Mais cet avis ne pourra être autre que contextuel (dépendant d’un contexte connu ou inconnu, défini ou à définir).
Celui qui relativise ainsi le savoir du savant doit savoir se relativiser lui-même.

Car la « vérité » est toujours contextuelle.

La vérité du savant dépend d’un contexte, et ce contexte est fait de :
– la culture de son époque (qui l’a façonné);
– ses relations (qui l’ont façonné);
– ses croyances (mixte entre culture et expérience);
– son apprentissage (relatif à une époque).

Boris Cyrulnik nous raconte que, à la fin des années 1950, en fac de médecine, on apprenait aux étudiants qu’un pervers était une personne qui avait des relations sexuelles anormales, dont les relations sexuelles hors-mariage.
La définition scientifique de la norme et de la sexualité, était liée autant à la culture de cette époque qu’aux savoirs scientifiques à disposition (les uns façonnant l’autre, et vice versa).
La norme a évolué et peut-on dire qu’on compte des millions de pervers en France à notre époque, puisque les relations sexuelles hors-mariage sont devenues « normales »?

On voit bien que la « vérité » est contextuelle. Mais il ne suffit pas de dire que toutes les opinions se valent, en s’appuyant, consciemment ou non, sur l’idée que les contextes sont en évolution constante, pour se gratifier lors d’une confrontation d’idées (pour avoir le sentiment de victoire).
En effet, l’exemple de Boris Cyrulnik nous montre bien que celui qui se cultive bénéficie d’un avantage certain : sa vérité est plus largement contextualisée. Il essaie de mieux se comprendre, de mieux comprendre l’autre, de mieux comprendre son époque, l’évolution du monde (ici, on voit que sa vision de la sexualité sera nécessairement plus riche, plus souple).
Il garde plus aisément le contrôle, puisque ses propos contiennent moins d’erreurs. Ce qui lui permet de gérer l’inhibition de l’action (et donc de moins courir le risque d’être malade).
En cherchant la bonne compréhension (du monde, des autres, de soi), il veille ainsi à la qualité de ses relations, ce qui a un impact considérable sur sa santé et son plaisir de vivre.
Il peut également s’avérer très créatif, puisqu’il dispose d’une base de savoirs élargie, lui permettant d’inventer de quoi se gratifier et même de quoi faire évoluer le monde.
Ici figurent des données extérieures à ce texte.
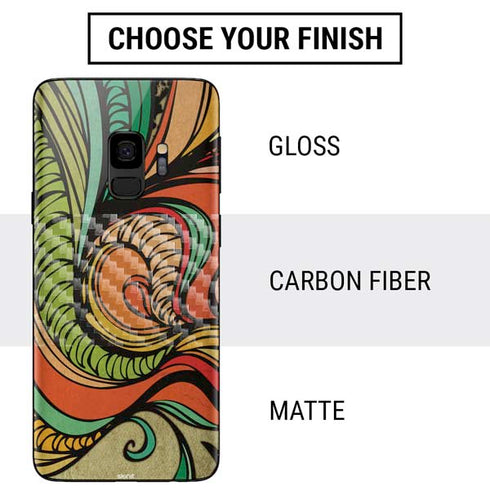 Malestrom 70s Inspired Galaxy S9 Skin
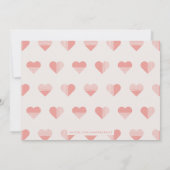 Geo Love Valentine's Day Carte photo - Saumon (Dos)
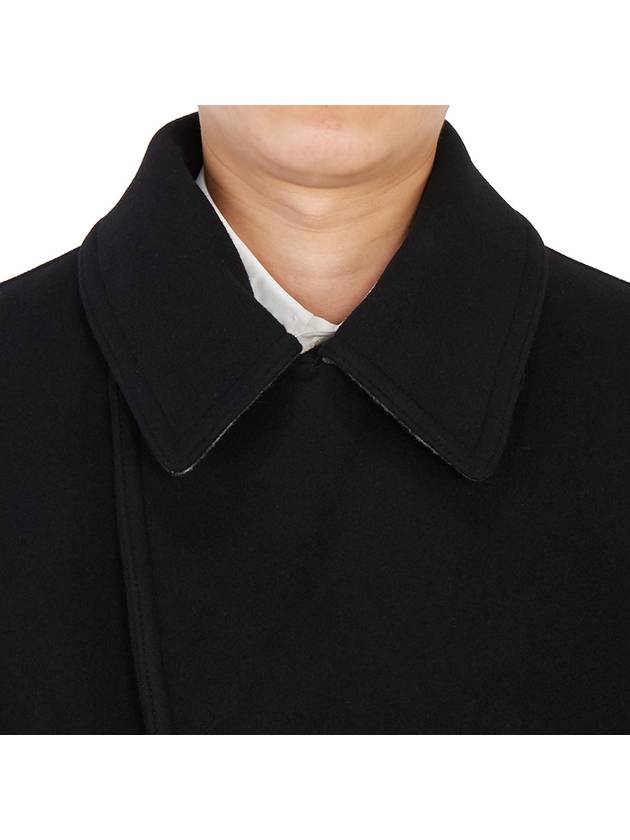 Men's Wool Double Coat Black - BURBERRY - BALAAN 8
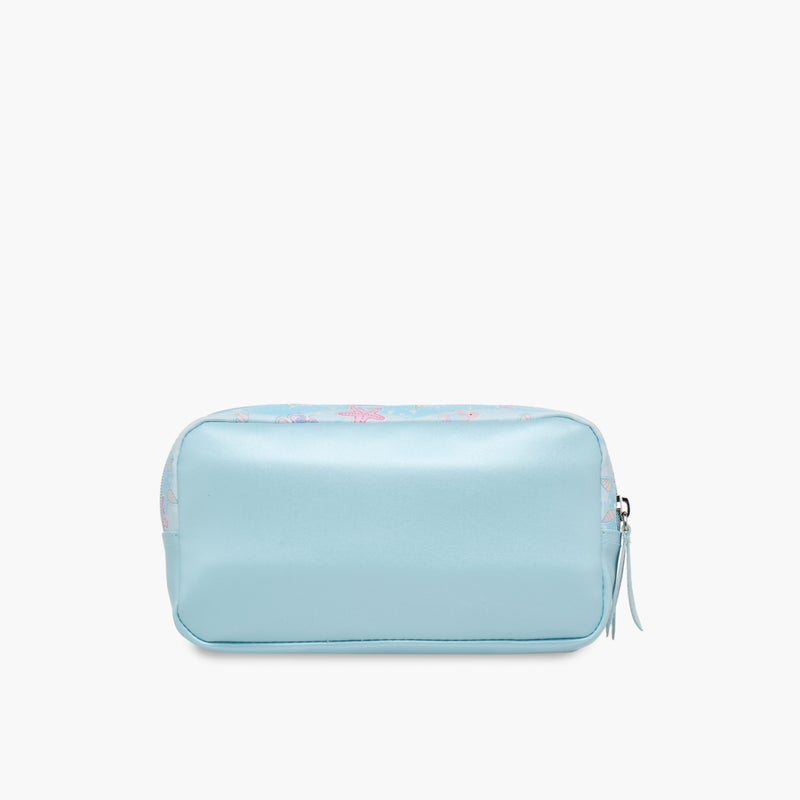 Minmie Mermaid- Pencil Case-1 Cmprt.-Printed-Rectangle (Pvc) Pastel Blue \ 22x7x12 - Image 3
L’exemple de Boris Cyrulnik nous montre qu’un simple recul sur le sens des mots peut nous apporter une vision moins superficielle du monde.
Et, comme l’a démontré Hannah Arendt, la superficialité, qu’on soit ou non instruit, est la cause essentielle de la « banalité du mal ».
Le mal qu’on se fait à soi, le mal qu’on fait aux autres.
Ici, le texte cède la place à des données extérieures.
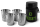 Delphin Edelstahlbecher Set 4+1 30ml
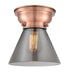 Innovations - 623-1F-AC-G43 - One Light Flush Mount - Aditi - Antique Copper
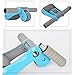 IFLYING No Noise AB Abdominal Exercise Wheel Detachable Devices for Body Fitness Strength Training Roller (Blue)
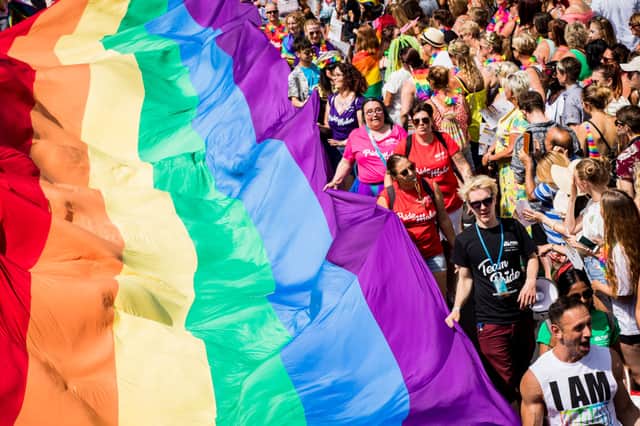 <p>The Safe To Be Me conference was cancelled after LGBTQ+ organisations withdrew their support (Photo: Tristan Fewings/Getty Images)</p>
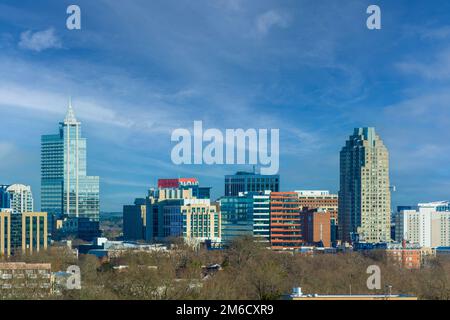 Downtown Raleigh, North Carolina Metro Skyline Stock Photo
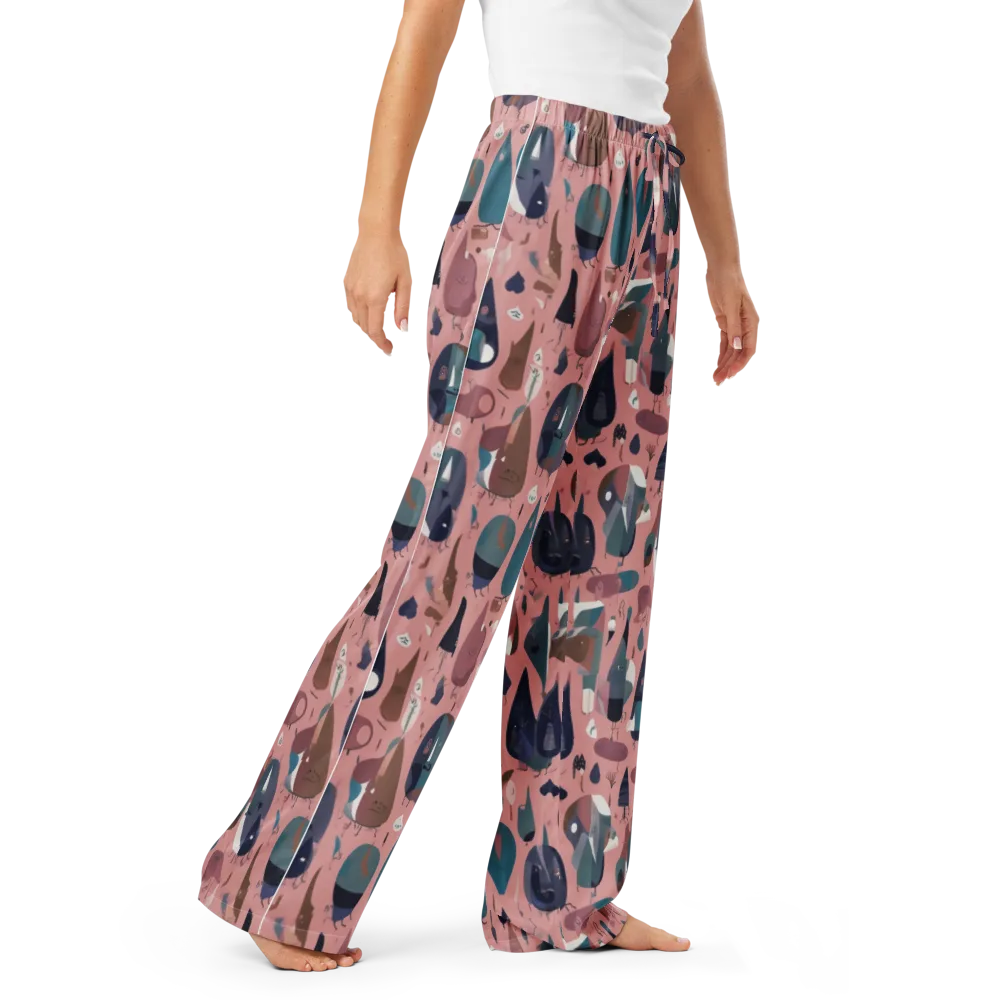 Rosy Oddbirds on Women's Pajama Pants — Right Front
A quoi cela sert de se plaindre du monde, si on n’est pas en mesure de comprendre pourquoi il est tel qu’il est et de se mettre en mesure de le changer?
A quoi cela sert de vivre si on est persuadé que ce sera une vie de souffrance? Si rien n’a de sens?
Hannah Arendt nous montre que la culture est la solution (des savoirs multiples que l’on pense, met en relation, tout en se pensant soi-même). Le recul critique, basé sur des savoirs larges, est la solution.
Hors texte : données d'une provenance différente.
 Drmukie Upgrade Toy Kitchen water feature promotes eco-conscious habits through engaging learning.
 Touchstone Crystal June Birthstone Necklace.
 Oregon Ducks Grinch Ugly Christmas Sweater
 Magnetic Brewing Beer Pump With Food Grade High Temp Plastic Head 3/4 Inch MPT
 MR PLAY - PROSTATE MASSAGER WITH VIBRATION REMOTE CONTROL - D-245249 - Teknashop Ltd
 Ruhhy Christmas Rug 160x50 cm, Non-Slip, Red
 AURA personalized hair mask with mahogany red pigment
N’est-ce pas stupide de passer à côté?

En rattachant la notion de vérité à celle d’épanouissement, on saisit bien que cela mérite qu’on s’y penche, qu’on devrait peut-être s’attacher à être moins ignorant, qu’on devrait accorder davantage de prix à la culture.
Creusons maintenant la notion de vérité.

Quelqu’un d’instruit, de cultivé, prononce une vérité relative, tout comme un ignorant, mais cette vérité est construite sur une base multiple, où de nombreux savoirs, de nombreuses idées, se sont vus confrontés.
Il bénéficie donc d’un contexte plus riche, plus large, que celui de l’ignorant.
Dans le contexte d’une époque et de savoirs existants, ce qu’il dit sera donc plus vrai.
La vérité qui pourrait l’arranger (lui donner un pouvoir) est tempérée par la vérité de multiples savoirs à sa disposition.
Plus il est cultivé, donc, plus il est « libre » dans ses jugements (plus lucide, plus honnête). Plus il peut être nuancé, également.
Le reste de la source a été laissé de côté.